WHAT NEEDS TO BE DONE. Copy out exactly the lines below that run from the one holding "Weekend MaxMara Geacă" to the one holding "Leather Moto Bomber", keeping both of those lines and no others.

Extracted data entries
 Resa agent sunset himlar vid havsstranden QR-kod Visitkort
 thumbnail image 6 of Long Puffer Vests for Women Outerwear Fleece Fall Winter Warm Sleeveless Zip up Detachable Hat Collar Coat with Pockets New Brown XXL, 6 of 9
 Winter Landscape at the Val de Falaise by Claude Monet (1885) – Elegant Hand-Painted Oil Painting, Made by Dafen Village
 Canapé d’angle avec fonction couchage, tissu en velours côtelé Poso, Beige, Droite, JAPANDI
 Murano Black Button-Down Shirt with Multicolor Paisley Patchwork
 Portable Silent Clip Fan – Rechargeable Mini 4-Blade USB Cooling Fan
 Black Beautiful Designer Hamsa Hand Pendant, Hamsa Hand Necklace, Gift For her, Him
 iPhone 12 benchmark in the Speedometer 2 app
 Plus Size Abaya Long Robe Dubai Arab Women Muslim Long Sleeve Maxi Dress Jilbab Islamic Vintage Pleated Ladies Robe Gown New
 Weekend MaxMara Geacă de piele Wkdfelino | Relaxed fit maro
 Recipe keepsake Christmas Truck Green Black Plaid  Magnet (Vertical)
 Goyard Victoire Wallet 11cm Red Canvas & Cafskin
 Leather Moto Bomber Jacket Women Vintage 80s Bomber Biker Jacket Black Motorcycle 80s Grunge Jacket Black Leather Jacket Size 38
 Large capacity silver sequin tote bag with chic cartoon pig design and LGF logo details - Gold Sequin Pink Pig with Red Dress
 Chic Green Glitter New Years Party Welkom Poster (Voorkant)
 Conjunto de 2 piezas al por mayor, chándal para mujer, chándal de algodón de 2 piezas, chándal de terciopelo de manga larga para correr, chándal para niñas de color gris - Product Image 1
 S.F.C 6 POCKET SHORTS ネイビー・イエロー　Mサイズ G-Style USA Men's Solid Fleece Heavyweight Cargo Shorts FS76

SOLUTION TO THE EXERCISE.
 Weekend MaxMara Geacă de piele Wkdfelino | Relaxed fit maro
 Recipe keepsake Christmas Truck Green Black Plaid  Magnet (Vertical)
 Goyard Victoire Wallet 11cm Red Canvas & Cafskin
 Leather Moto Bomber Jacket Women Vintage 80s Bomber Biker Jacket Black Motorcycle 80s Grunge Jacket Black Leather Jacket Size 38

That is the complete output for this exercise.